Nicht nur Gordon Lius Karriere wurde durch diesen Meilenstein des Kung-Fu-Kinos kräftig angekurbelt. Auch Regisseur Lau Kar-Leung, der zuvor eng mit der Shaw-Brothers-Legende Chang Cheh zusammengearbeitet hatte bis sich beide bei den Drehereien zu „Marco Polo im Reiche des Kublai Khan“ überwarfen, gelang hiermit der Durchbruch. In der Folge wurde er zum Spezialisten für Filme rund um das Shaolin Kloster und in den 80er Jahren drehte er so erfolgreiche Action-Filme wie „Tiger on the Beat“ und seine Fortsetzung. Dass Lau Kar-Leung eine Ausbildung zum Martial-Arts-Kämpfer hat, merkt man seinen Filmen deutlich an. Gerade in „Die 36 Kammern der Shaolin“ sind die Kämpfe sehr traditionell und akkurat. Lau Kar-Leung filmt sie auch meistens aus einer gewissen Distanz, so dass man den eleganten Bewegungen der Kämpfenden gut mit dem Auge folgen kann. Aber auch für Stimmungen hat Lau Kar-Leung ein gutes Händchen und so werden die Übungseinheiten im Kloster auch immer von einer gewissen Düsternis begleitet, die sich nicht eindeutig fassen lässt, aber die besondere Stimmung und vielleicht auch Wirkung dieses Filmes ausmacht.

„Die 36 Kammern der Shaolin“ ist vollkommen zurecht ein Klassiker seines Genres, der bis heute unzählige Male kopiert oder zitiert wurde. Lau Kar-Leungs kraftvolle Regie und Gordon Lius charismatisches Spiel ebneten ihnen den Weg zu einer lang anhaltenden Karriere.

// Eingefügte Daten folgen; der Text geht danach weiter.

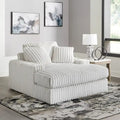 Oversized Chaise, with Cup holders and USB Charging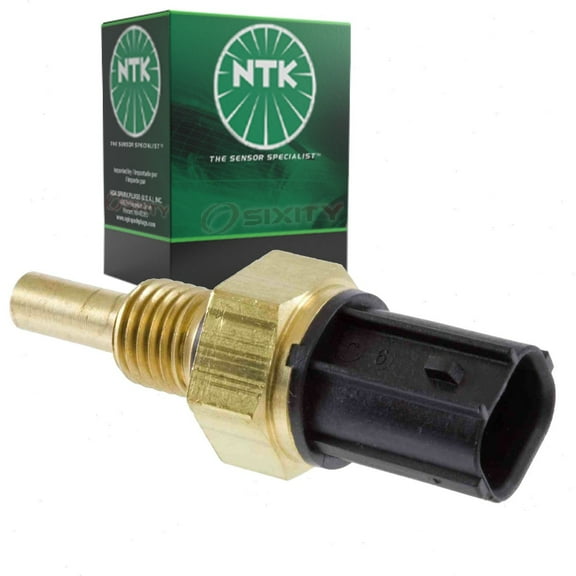 NTK Coolant Temperature Sensor compatible with Honda Civic 1.3L 1.7L 1.8L 2.0L L4 2001-2011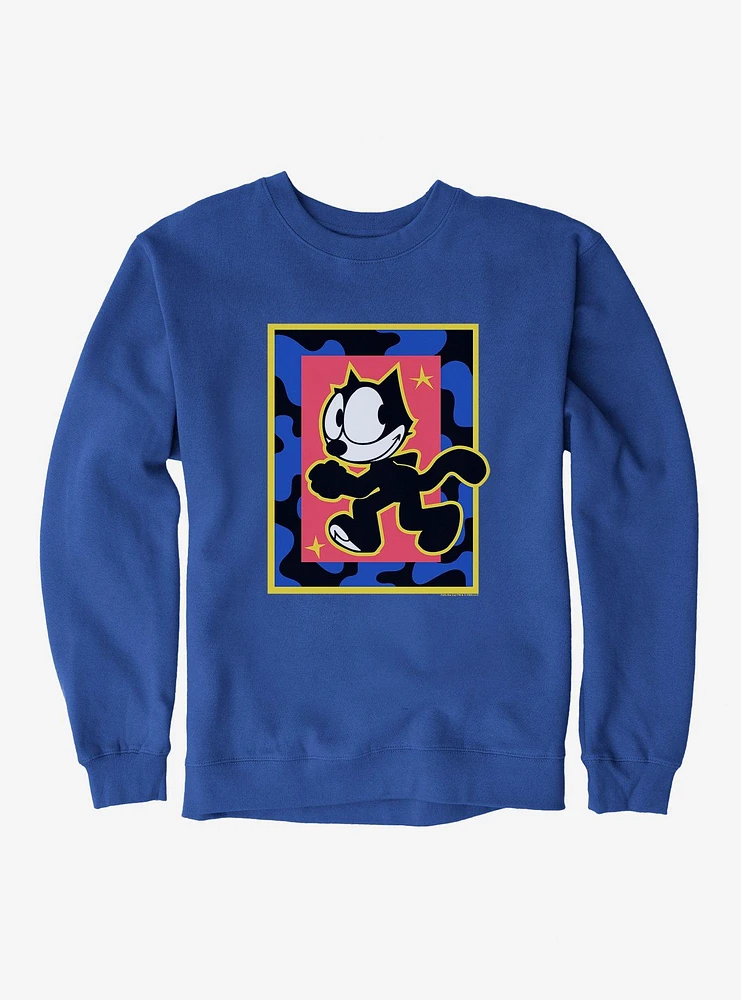 Felix The Cat Superstar Walk Sweatshirt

„Die 36 Kammern der Shaolin“ ist in der schönen „Shaw Brothers Collector’s Edition“-Reihe als Blu-ray/DVD-Kombo erschienen. Das Bild der Blu-ray ist wie immer über alle Zweifel erhaben. Da der Film in der alten deutsche Kinofassung um fast eine halbe Stunde Handlung gekürzt worden war, wurde er für die erste DVD-Veröffentlichung (durch MiB) 2004 komplett neu synchronisiert. Auf der filmArt-Scheibe sind nun beide Synchronisationen zu hören, die alte kürzere Kinofassung und die Neubearbeitung. Daher hat man die Wahl, entweder den Film komplett in der 2004er Synchro anzuschauen, die gekürzte Fassung in der Kino-Synchro oder – für diese Lösung habe ich mich entschieden – mit der deutschen Kinosynchro, wobei die Fehlstellen mit der 2004er Synchro aufgefüllt wird. Das ist aber, meiner Meinung nach, die schlechtere Wahl. Die Synchronisationen sind derartig unterschiedlich, dass man bei jedem Wechsel regelrecht aus der Handlung gerissen wird. Gordon Liu wird beispielsweise in der Kinofassung von Elmar Wepper, in der neuen Fassung von dem komplett anders klingenden Simon Jäger (deutsche Stimme von Matt Damon) gesprochen. Auch die Namen sind dann teilweise andere und aus den Mandschu werden Tataren. Das verwirrt maximal. Man sollte sich also besser sich gleich für die 2004er Synchro entscheiden. Die klingt zwar um einiges steriler und hat nicht die markanter Sprecher der Kinofassung, ist aber nun auch nicht so schlecht. Oder man guckt den Film in Kantonesisch oder Mandarin mit deutschen Untertiteln. Diese Option gibt es natürlich auch noch. Bis auf Trailer und ein Booklet mit Aushangfotos gibt es keine weiteren Extras.